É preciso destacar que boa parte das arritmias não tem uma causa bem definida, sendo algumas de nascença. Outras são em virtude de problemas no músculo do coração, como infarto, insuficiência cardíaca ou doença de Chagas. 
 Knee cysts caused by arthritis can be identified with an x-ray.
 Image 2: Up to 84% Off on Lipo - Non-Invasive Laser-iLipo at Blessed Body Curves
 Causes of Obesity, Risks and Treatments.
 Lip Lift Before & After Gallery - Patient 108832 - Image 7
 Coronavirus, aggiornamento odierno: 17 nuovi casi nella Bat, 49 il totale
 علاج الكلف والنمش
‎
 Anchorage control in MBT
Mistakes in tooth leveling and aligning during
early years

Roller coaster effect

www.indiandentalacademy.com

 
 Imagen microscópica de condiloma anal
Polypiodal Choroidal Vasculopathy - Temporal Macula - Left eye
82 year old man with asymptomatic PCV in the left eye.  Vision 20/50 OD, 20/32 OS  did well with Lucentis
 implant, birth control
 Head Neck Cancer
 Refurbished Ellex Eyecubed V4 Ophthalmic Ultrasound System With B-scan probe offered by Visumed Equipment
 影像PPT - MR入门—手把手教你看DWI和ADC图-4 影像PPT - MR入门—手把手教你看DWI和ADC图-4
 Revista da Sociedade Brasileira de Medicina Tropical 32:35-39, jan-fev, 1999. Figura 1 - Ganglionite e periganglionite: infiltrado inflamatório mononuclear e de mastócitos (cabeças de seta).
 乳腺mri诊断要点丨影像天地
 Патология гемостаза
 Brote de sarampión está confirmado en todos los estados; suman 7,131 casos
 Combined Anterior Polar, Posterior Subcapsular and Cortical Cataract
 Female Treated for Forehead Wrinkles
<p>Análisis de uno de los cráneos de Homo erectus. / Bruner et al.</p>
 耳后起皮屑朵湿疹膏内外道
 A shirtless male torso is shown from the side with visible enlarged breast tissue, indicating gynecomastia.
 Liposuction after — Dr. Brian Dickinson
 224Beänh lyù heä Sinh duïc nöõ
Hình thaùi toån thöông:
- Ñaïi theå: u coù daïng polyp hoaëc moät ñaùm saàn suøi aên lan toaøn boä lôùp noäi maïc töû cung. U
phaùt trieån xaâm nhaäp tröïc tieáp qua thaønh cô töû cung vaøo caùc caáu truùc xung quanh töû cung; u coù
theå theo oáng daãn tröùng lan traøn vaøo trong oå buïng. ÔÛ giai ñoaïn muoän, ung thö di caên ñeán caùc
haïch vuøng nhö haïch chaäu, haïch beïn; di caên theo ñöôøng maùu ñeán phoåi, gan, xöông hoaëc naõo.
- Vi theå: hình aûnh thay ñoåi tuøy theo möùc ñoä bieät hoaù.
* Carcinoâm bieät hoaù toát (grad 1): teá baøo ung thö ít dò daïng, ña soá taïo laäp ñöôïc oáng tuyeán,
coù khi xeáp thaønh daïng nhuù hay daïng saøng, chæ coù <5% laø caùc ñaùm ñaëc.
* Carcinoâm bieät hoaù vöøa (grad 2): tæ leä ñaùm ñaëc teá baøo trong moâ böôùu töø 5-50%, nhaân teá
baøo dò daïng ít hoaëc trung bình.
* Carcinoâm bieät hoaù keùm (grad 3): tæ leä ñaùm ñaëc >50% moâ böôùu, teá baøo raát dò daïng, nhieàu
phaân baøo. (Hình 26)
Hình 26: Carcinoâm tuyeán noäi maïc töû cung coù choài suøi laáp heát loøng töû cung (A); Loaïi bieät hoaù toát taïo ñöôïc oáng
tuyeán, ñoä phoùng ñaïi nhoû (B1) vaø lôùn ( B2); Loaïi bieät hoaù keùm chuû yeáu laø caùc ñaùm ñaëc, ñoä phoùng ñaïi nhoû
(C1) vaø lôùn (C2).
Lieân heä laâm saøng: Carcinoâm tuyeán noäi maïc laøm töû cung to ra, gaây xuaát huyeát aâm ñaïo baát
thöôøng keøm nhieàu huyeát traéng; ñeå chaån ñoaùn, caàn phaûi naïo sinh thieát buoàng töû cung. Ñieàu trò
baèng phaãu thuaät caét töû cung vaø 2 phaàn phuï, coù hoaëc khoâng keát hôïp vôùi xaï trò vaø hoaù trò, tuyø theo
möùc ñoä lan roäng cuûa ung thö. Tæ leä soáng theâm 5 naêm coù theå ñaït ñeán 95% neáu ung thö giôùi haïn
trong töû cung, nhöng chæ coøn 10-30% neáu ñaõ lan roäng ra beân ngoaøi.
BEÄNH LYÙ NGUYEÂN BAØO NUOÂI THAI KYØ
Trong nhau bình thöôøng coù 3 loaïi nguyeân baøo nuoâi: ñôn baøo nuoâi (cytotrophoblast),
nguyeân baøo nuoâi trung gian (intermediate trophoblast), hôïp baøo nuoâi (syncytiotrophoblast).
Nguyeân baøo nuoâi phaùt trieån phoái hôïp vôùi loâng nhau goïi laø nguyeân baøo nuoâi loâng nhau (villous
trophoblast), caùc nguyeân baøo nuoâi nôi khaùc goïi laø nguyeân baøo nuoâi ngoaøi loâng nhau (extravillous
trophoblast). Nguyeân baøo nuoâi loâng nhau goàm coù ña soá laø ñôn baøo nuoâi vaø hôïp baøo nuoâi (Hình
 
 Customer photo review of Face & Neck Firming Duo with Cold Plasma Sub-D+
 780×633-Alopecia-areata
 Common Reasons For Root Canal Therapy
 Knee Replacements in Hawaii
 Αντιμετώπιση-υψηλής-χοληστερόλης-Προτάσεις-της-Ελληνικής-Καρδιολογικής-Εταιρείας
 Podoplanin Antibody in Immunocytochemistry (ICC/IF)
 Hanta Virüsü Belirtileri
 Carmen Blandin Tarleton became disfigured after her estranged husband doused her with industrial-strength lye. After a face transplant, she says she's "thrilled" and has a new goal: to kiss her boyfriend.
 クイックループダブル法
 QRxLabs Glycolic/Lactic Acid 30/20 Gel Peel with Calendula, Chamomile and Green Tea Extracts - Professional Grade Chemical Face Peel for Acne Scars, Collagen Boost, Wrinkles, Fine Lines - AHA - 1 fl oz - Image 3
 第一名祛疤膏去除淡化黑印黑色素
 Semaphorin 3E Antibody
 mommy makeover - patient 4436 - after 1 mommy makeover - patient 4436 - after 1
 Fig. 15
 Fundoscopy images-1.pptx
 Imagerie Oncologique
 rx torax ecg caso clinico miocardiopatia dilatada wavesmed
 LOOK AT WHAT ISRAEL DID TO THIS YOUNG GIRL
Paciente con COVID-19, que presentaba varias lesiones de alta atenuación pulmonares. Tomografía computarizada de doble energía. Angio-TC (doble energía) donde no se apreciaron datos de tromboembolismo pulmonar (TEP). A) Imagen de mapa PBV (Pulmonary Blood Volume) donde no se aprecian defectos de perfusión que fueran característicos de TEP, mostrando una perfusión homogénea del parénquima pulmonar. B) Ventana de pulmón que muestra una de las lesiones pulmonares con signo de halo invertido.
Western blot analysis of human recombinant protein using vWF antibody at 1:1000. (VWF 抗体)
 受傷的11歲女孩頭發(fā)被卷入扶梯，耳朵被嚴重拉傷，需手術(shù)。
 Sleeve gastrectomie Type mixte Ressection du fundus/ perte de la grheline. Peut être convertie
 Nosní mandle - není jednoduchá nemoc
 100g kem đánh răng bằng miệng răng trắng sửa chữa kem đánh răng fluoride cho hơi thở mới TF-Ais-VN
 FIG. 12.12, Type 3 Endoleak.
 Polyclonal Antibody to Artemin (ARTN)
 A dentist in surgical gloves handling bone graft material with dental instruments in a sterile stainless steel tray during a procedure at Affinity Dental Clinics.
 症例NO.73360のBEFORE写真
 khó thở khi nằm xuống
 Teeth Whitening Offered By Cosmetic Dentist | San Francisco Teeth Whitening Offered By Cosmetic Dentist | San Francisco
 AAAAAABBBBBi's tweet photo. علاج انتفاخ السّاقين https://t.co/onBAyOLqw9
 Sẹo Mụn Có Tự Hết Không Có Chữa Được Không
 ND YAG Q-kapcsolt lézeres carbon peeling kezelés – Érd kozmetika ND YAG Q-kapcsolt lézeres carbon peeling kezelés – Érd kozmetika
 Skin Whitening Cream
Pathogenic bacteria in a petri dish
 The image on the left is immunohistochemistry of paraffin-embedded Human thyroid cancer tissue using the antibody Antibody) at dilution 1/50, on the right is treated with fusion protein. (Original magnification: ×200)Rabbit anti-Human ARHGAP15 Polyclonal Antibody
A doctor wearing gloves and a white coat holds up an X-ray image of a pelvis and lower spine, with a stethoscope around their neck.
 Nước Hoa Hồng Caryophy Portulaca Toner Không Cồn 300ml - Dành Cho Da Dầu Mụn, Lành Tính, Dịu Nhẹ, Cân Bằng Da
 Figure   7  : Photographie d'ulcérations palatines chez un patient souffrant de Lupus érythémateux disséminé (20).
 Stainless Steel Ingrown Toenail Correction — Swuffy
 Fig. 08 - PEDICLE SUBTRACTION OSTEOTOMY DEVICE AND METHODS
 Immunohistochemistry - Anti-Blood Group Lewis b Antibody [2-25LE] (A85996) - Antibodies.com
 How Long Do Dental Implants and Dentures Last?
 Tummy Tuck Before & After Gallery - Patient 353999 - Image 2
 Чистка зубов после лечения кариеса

◆ ◆ ◆ ◆ ◆ ◆ ◆

> THE PROBLEM: Please copy, exactly as written, every line in the listing above from the line with "thöôøng keøm nhieàu" up to and including the line with "Nguyeân baøo nuoâi phaùt".

> EXERCISE RESPONSE:
thöôøng keøm nhieàu huyeát traéng; ñeå chaån ñoaùn, caàn phaûi naïo sinh thieát buoàng töû cung. Ñieàu trò
baèng phaãu thuaät caét töû cung vaø 2 phaàn phuï, coù hoaëc khoâng keát hôïp vôùi xaï trò vaø hoaù trò, tuyø theo
möùc ñoä lan roäng cuûa ung thö. Tæ leä soáng theâm 5 naêm coù theå ñaït ñeán 95% neáu ung thö giôùi haïn
trong töû cung, nhöng chæ coøn 10-30% neáu ñaõ lan roäng ra beân ngoaøi.
BEÄNH LYÙ NGUYEÂN BAØO NUOÂI THAI KYØ
Trong nhau bình thöôøng coù 3 loaïi nguyeân baøo nuoâi: ñôn baøo nuoâi (cytotrophoblast),
nguyeân baøo nuoâi trung gian (intermediate trophoblast), hôïp baøo nuoâi (syncytiotrophoblast).
Nguyeân baøo nuoâi phaùt trieån phoái hôïp vôùi loâng nhau goïi laø nguyeân baøo nuoâi loâng nhau (villous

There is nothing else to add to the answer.